Just for kicks, I entered these new rates into the spreadsheet I used for the area graph of the billing over time. For use information, I just extracted the use for the last four years as a block. This is also the highest use period in my data, so I'm aiming high. I then gave the unknown rate increases of sewer and garbage an annual 10% increase. It may seem high, but over time it's about average of the increases we've been historically experiencing. Here's the result:



What's missing is the known history to which it should really be compared. I recalibrated the scale on the first area graph to fit this one, and sized them to match. Without the redundant dollar scale, here's what they look like side-by-side:



These future bills strike me as tracking well ahead of inflation, especially the anemic real-world wage inflation The Wife™ and I have experienced recently. It's time to compensate.

One element is out of the estimated data. We've already reduced the level of garbage service, opting for the smallest yard waste can available. So far, so good. Once yard waste starts accumulating, we may rethink this decision.

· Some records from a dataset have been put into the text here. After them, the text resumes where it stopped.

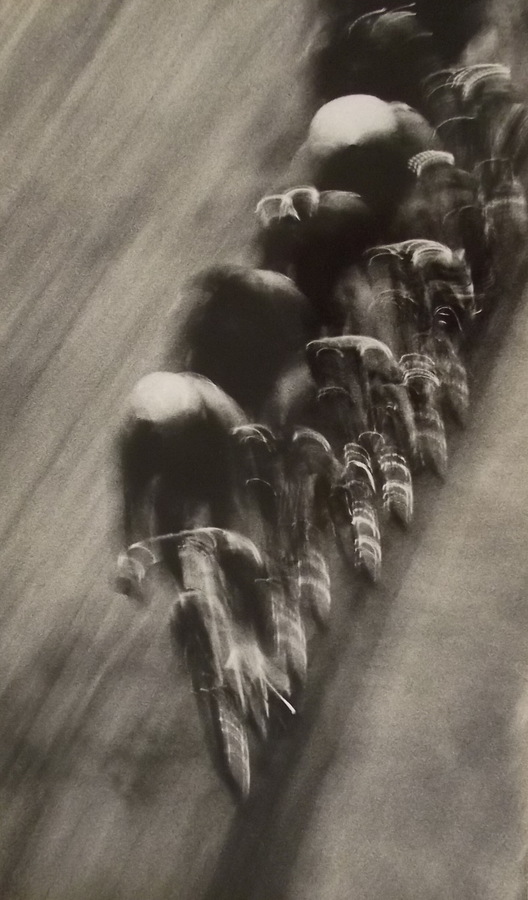 Велогонка, Сенин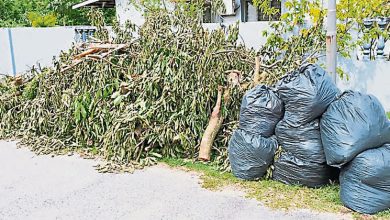 Photo of 应委承包商处理 砍树没清理罚500元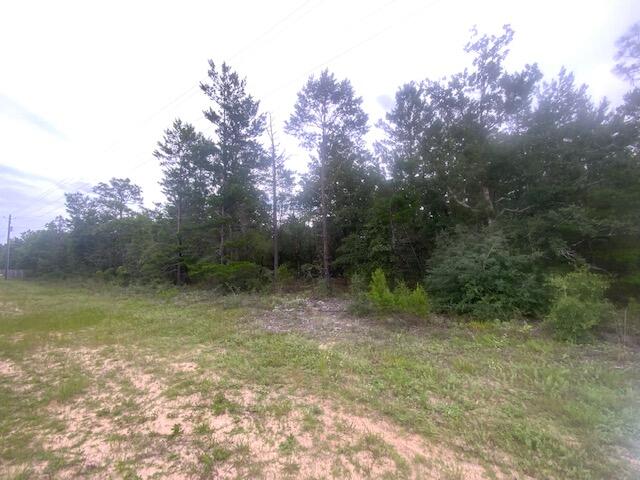 0 Mt Olive Road, Unit LOT 2 Crestview, FL 32539 - Photo 2 of 2 IMG_0142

This should reduce the garbage portion of the bill to about $8/bill or more depending on future rate hikes.

As to what to do to drop the rest of the climbing charges, or at least arrest their ascent, I see every penny above the recent past trends as a budget to use as a benchmark. If I can do something to bring the estimated 2014 bill even with the actual 2010 bill, every penny difference and a bit more should go toward that effort. This gives me several hundred bucks to play with.